Exercise aim:
From the first line of the listing to the last, set down everything exactly, but skip the images.

Data block below:

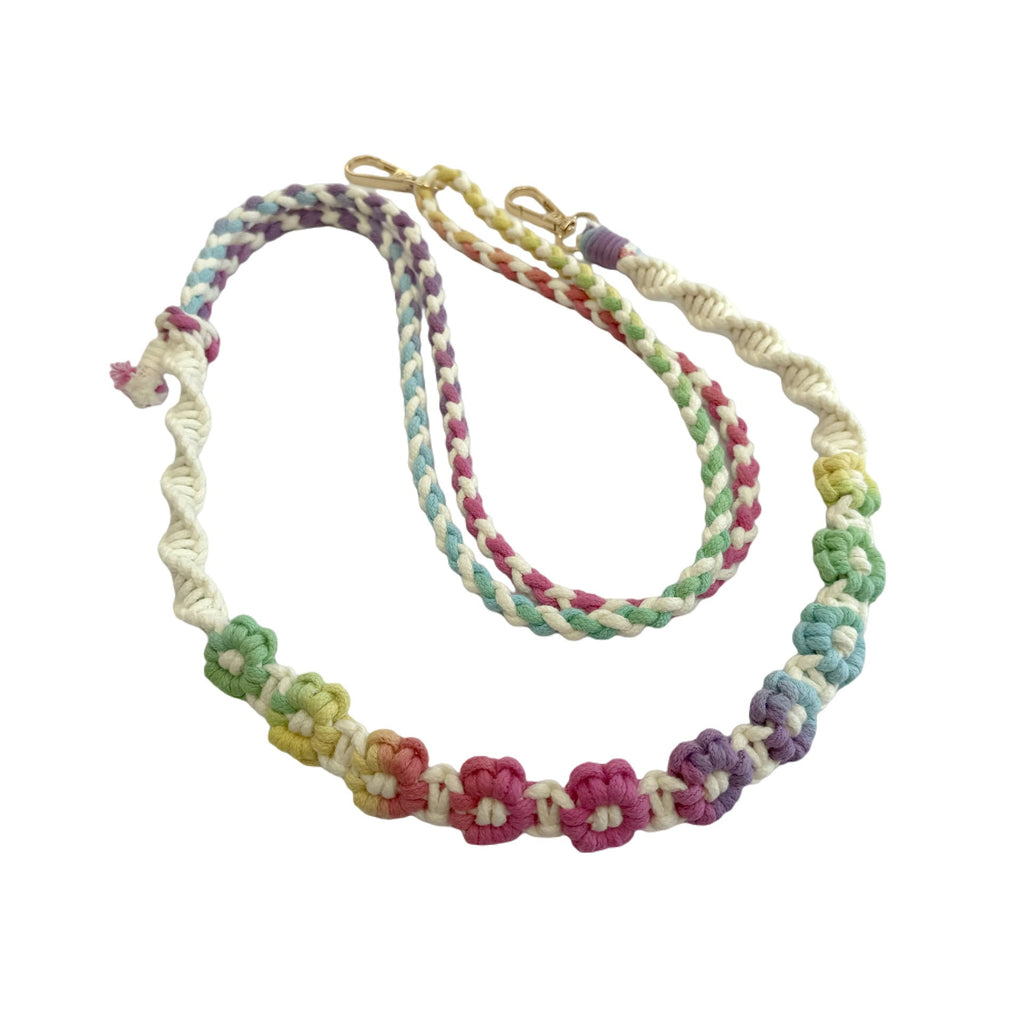 Handcrafted Floral Macrame Keychain | High & Bury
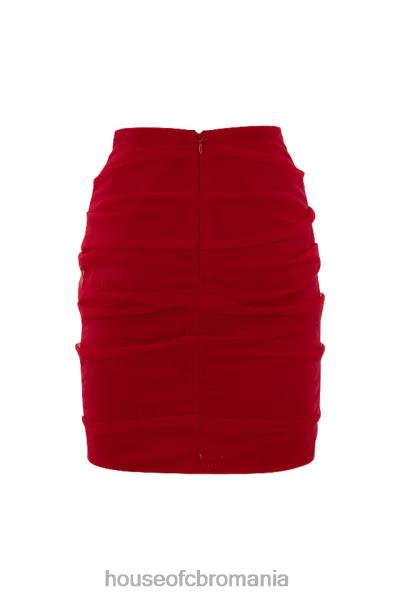 îmbrăcăminte House of CB fustă mini din tul roșu rosita X4F68985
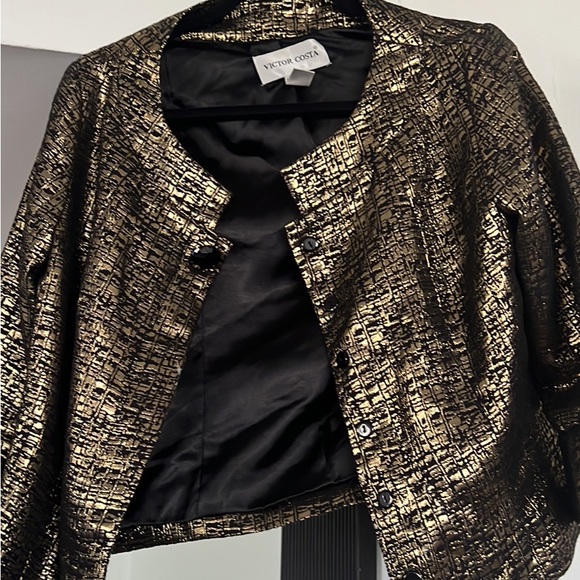 Nice jacket. Victor Costa NWOT Can Be Worn With A Skirt or Slacks. Dressy. - Picture 1 of 5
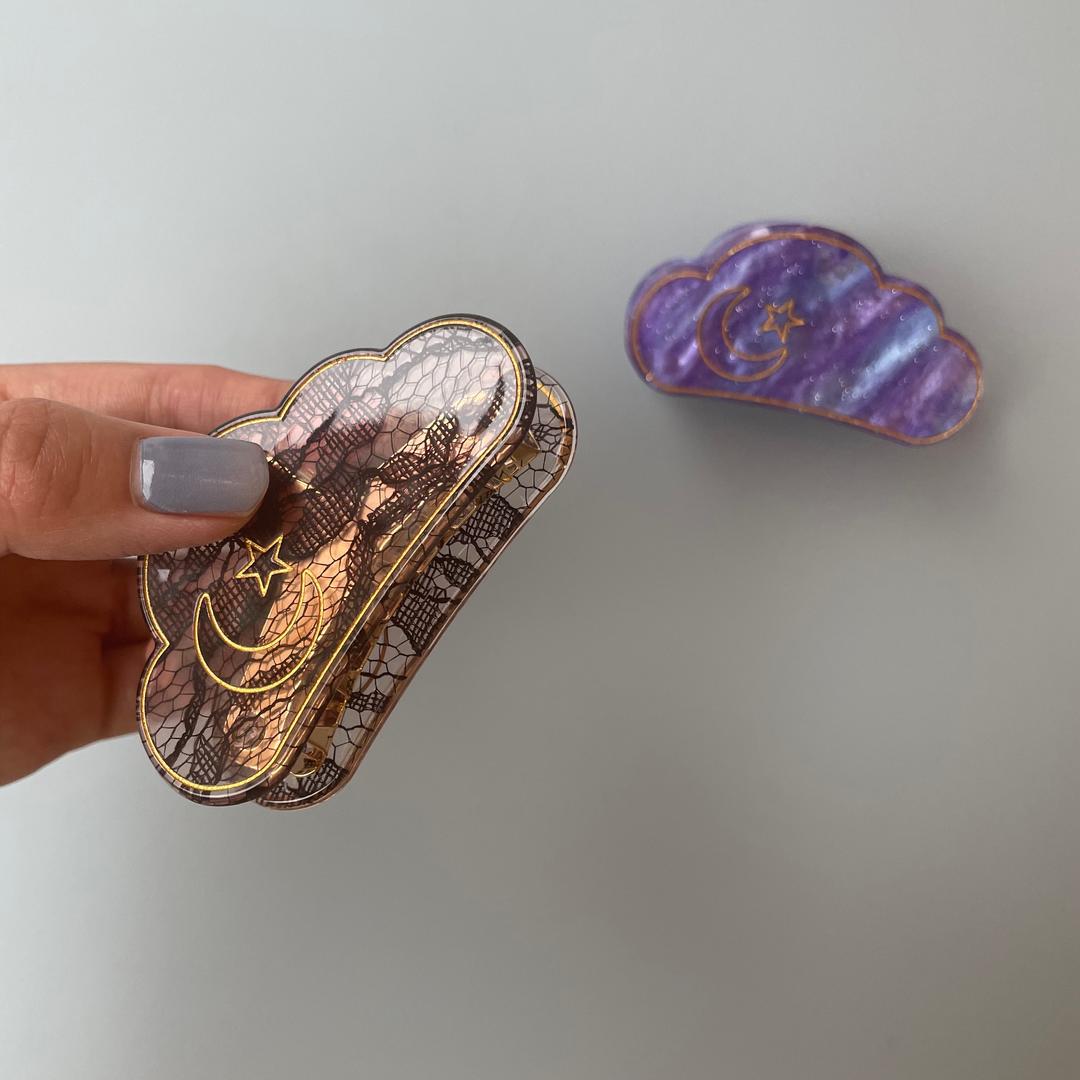 Lace Cloud Pin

End of Data block.

Solution:
 Handcrafted Floral Macrame Keychain | High & Bury
 îmbrăcăminte House of CB fustă mini din tul roșu rosita X4F68985
 Nice jacket. Victor Costa NWOT Can Be Worn With A Skirt or Slacks. Dressy. - Picture 1 of 5
 Lace Cloud Pin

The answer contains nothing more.